No sooner had he walked off the stage than criticism has befallen him — not for his performances, which were controversial but fair game, but for his alleged “silence” on his sexuality. Indeed, Entertainment Weekly Online dedicated four whole pages to chastising him for failing to announce his orientation. But, making one’s private life fodder for public consumption seems to be something the gay community does often. In the recently released film “Outrage,” the filmmaker assumed that if he outed gay Republicans, they would change their votes on gay marriage. The presumption seems to be that gay marriage is the world’s most pressing issue, and everyone who is gay should prioritize this about all else. To hell with national security, the arts, or whatever else one might be interested in.
Adam has acknowledged feeling pressure from some quarters to use his sexuality and “alternativeness” to influence how America views related social issues. Contrary to helping those in the gay community, they are doing Adam and the gay community a disservice. By pressuring Adam to act differently than his straight counterparts, they separate him out rather than allow him to integrate and be accepted as equal. They are also denying him the right to define himself as he wants to be defined and decide for himself how his talents will be used.
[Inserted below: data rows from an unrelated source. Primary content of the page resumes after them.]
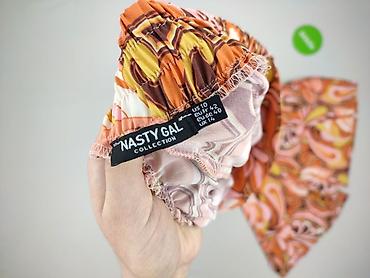dzwony 34: Nasty Gal, Spodnie materiałowe damskie, rozmiar L — 4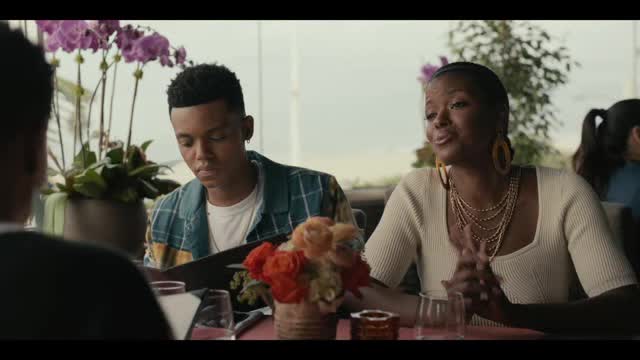 Bel Air S01E08 XviD AFG TGx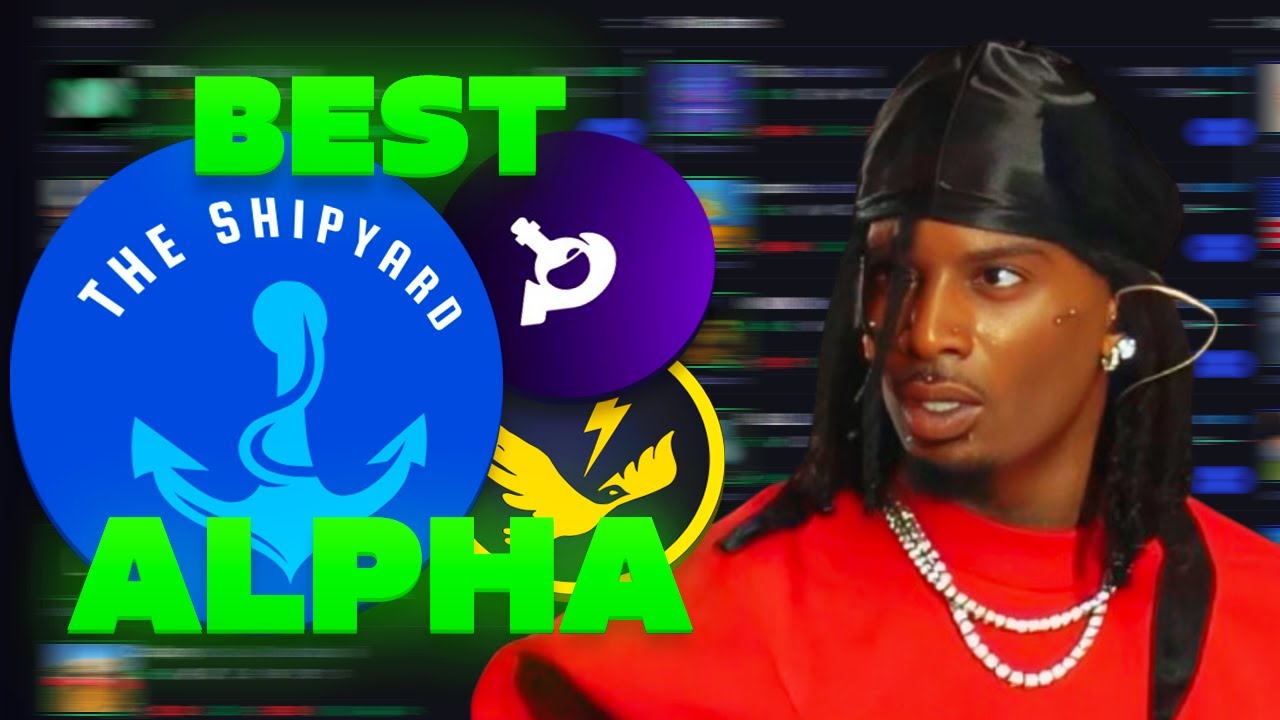 How To Actually Make Money With Meme Coins (Honest Potion Alpha Review ...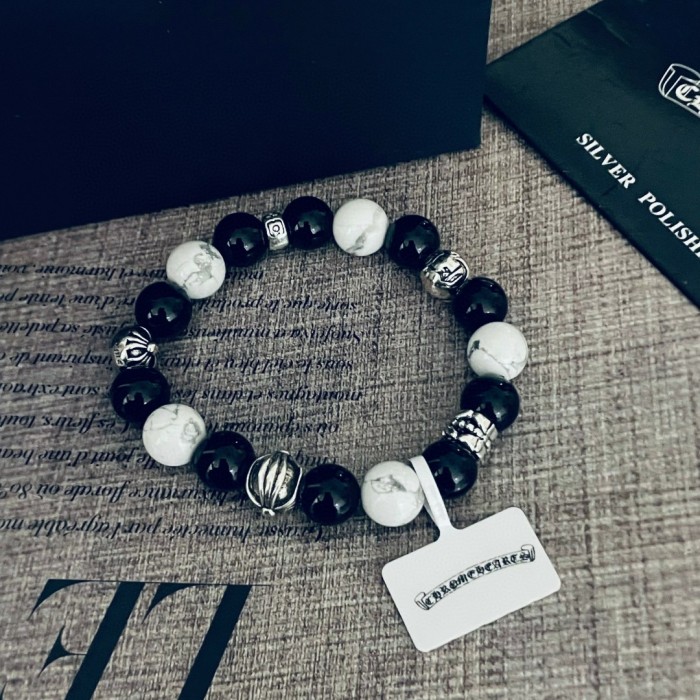 Jewelry chrome hearts 219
It is unlikely that at age three when Adam starting singing around the house, or at age ten when he first began musical theater, that his goal was to achieve success as a vehicle for gay rights activism. Why does everyone who is gay have to represent a political cause? Why can’t Adam just be a singer and an entertainer like other artists? Both those who withheld votes because Adam’s gay and those who are bashing him for not being gay enough, insist on defining Adam by his sexual orientation. But Adam clearly defines himself by his music.
Politics aside, it is apparent that Adam is not going to be a flash-in-the-pan like previous “Idol” contenders. Adam was the only reason to watch the cheesy show this season. My prediction is that he is destined to be a national star, if not international. Offers are already pouring in, and there’s talk of him touring with Queen, being courted for Broadway leads, and making his own CD’s. Refusing to be boxed into a specific genre as most record labels demand, his first album promises to range from pop to rock to funk with innovative electronics. Additionally, he hopes to do corollary theatrical performances. His goal is to fill an artistic niche of theatrical pop music which is currently female-dominated on the scene, and largely devoid of male artists. It is Adam’s artistic expression and personal style that make him notable, not his sexual orientation. If he does have a political message, it’s one of personal empowerment for anyone who might not fit the mold…sexuality aside.
Those making social criticism of Adam based on his sexuality — one way or the other — should apologize. I myself owe him an apology for using his orientation in the title of this article. However, I doubt if he cares much about any of this. Adam is all about the music, and I’m sure he’s too busy singing to pay this any mind.